BoC Cuts Rates Amid Cautious Economic Outlook
Following the rate cut, BoC Governor Tiff Macklem warned that a prolonged trade conflict could significantly harm Canada's economic activity. The BoC also revised its economic forecasts, projecting:
- Inflation at 2.3% in 2025.
- GDP growth of 1.8% YoY in Q4 2024.
- End of Quantitative Tightening (QT), signaling a shift in policy direction.

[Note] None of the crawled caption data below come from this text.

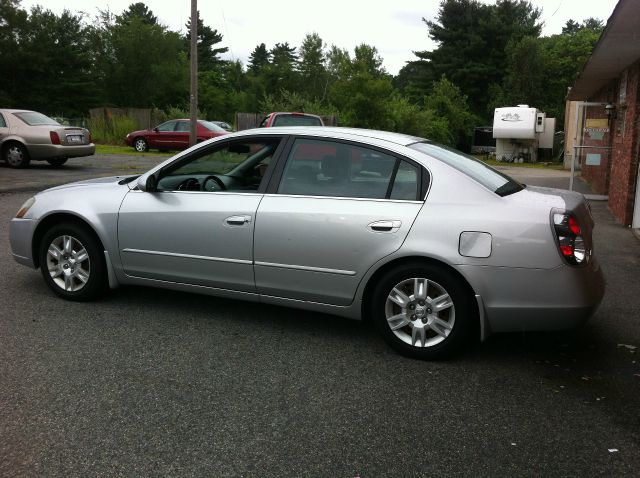 Nissan Altima 2005 photo 2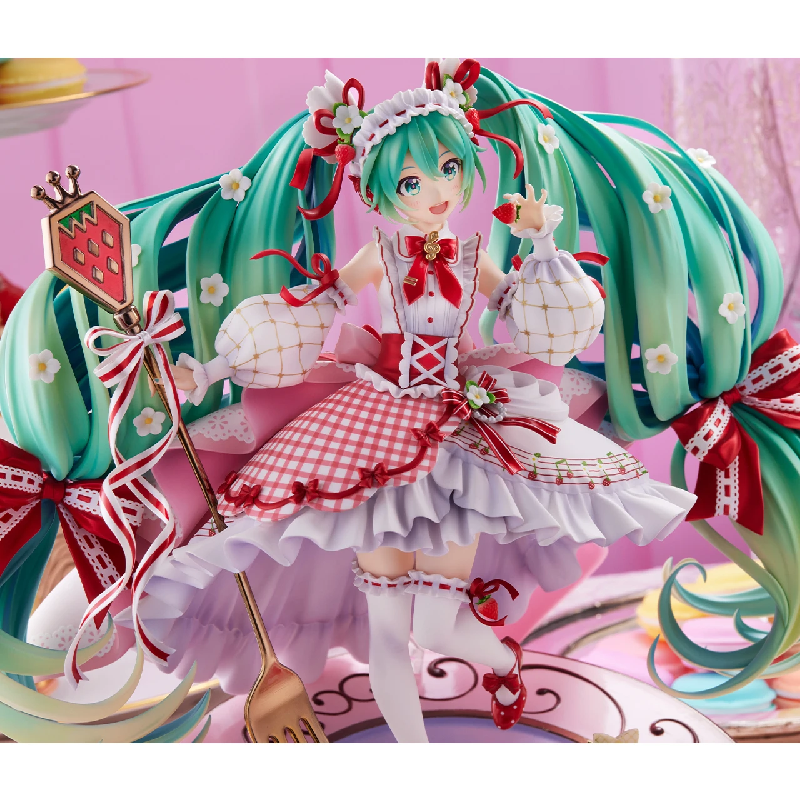Pre-order: GSC Hatsune Miku 15th Anniversary Strawberry Cake Figure Limited edition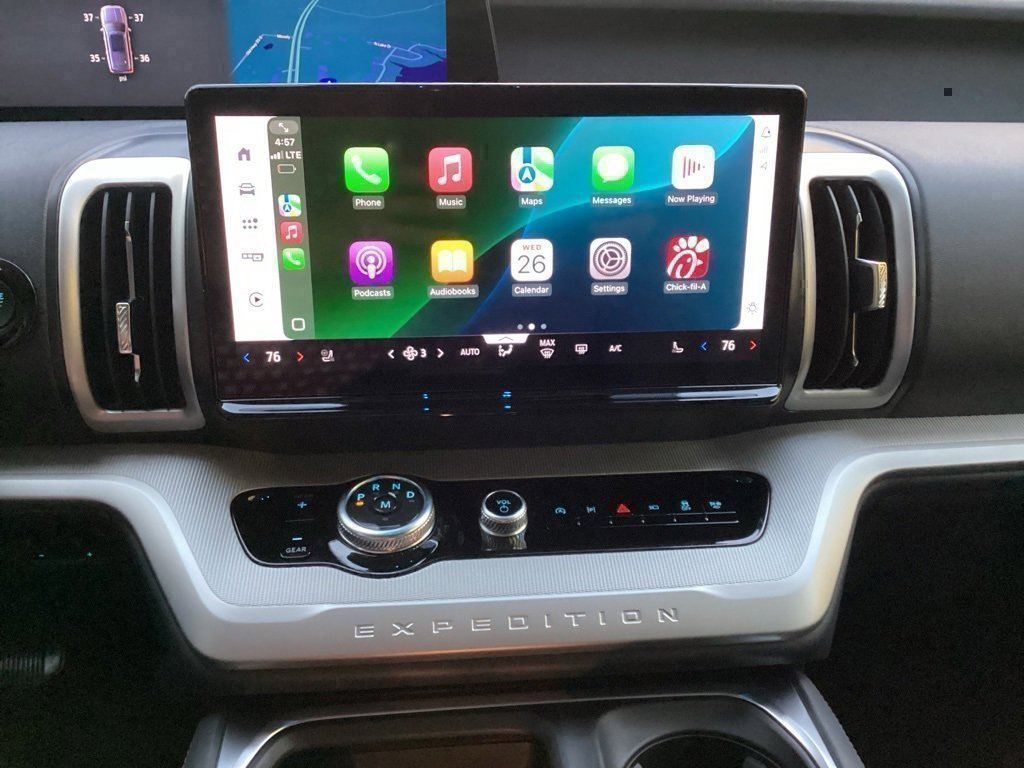 New 2025 Ford Expedition Active image 64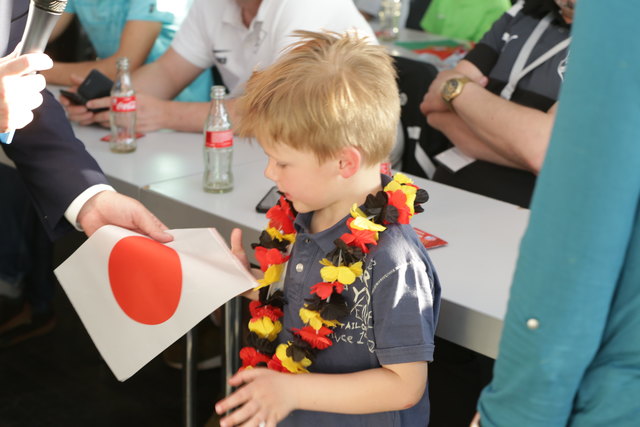Jedes Team hat die Fahne des zugelosten Landes überreicht bekommen | Foto: Jens Vollmer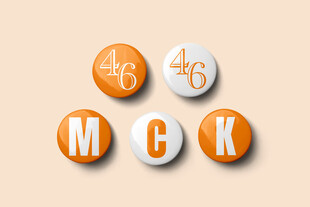 多个徽章吧唧设计展示样机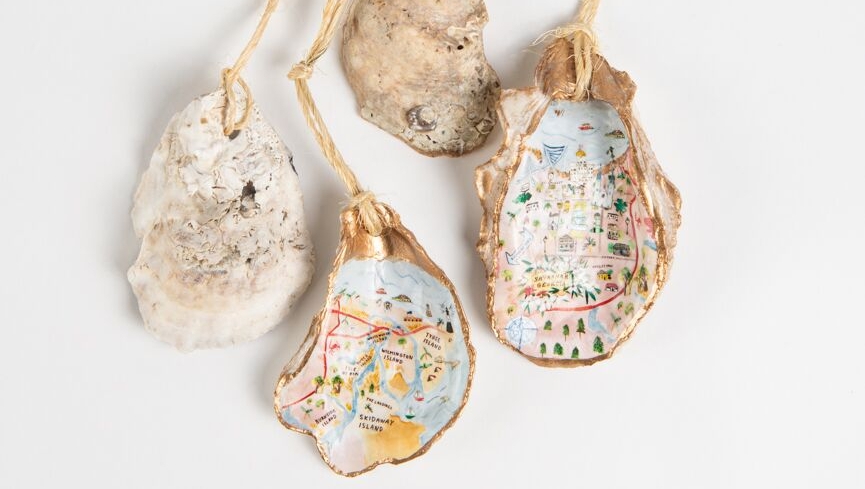 Now with two new designs, oyster ornaments by True South Jewelry &amp; Design make a unique statement in your home or gift for a friend! Sourced from local oyster rakes, oyster roasts and shore walks, we’re especially loving the Savannah Pink Map. 
makesavannah.com/shop-savannah-…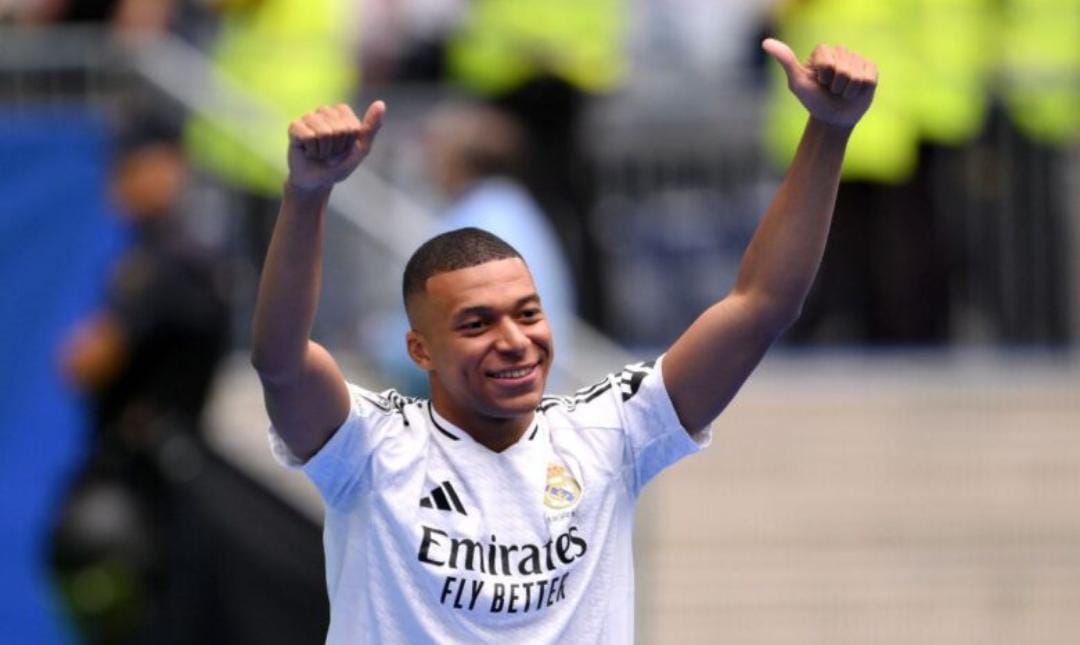 كيليان مبابي يعلن التضحية من أجل ريال مدريد في أحدث تصريحاته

The Canadian swaps market now sees a 47% probability of another BoC rate cut in March, increasing speculation about further policy easing.
USD/CAD Technical Outlook
The USD/CAD initially cleared the R2 pivot, reaching 1.4470, just shy of the R3 daily pivot point, before retreating to the R1 level and stabilizing. While momentum has cooled, Macklem's upcoming remarks could spark fresh volatility.
Key Levels to Watch:
- Resistance: 1.4471, 1.4500, and the January 20 high at 1.4518.
- Support: 1.4394 (daily pivot point), followed by 1.4369 (S1 support level).
Traders will closely watch Macklem's statements ahead of the Federal Reserve's monetary policy decision, which could further impact USD/CAD direction.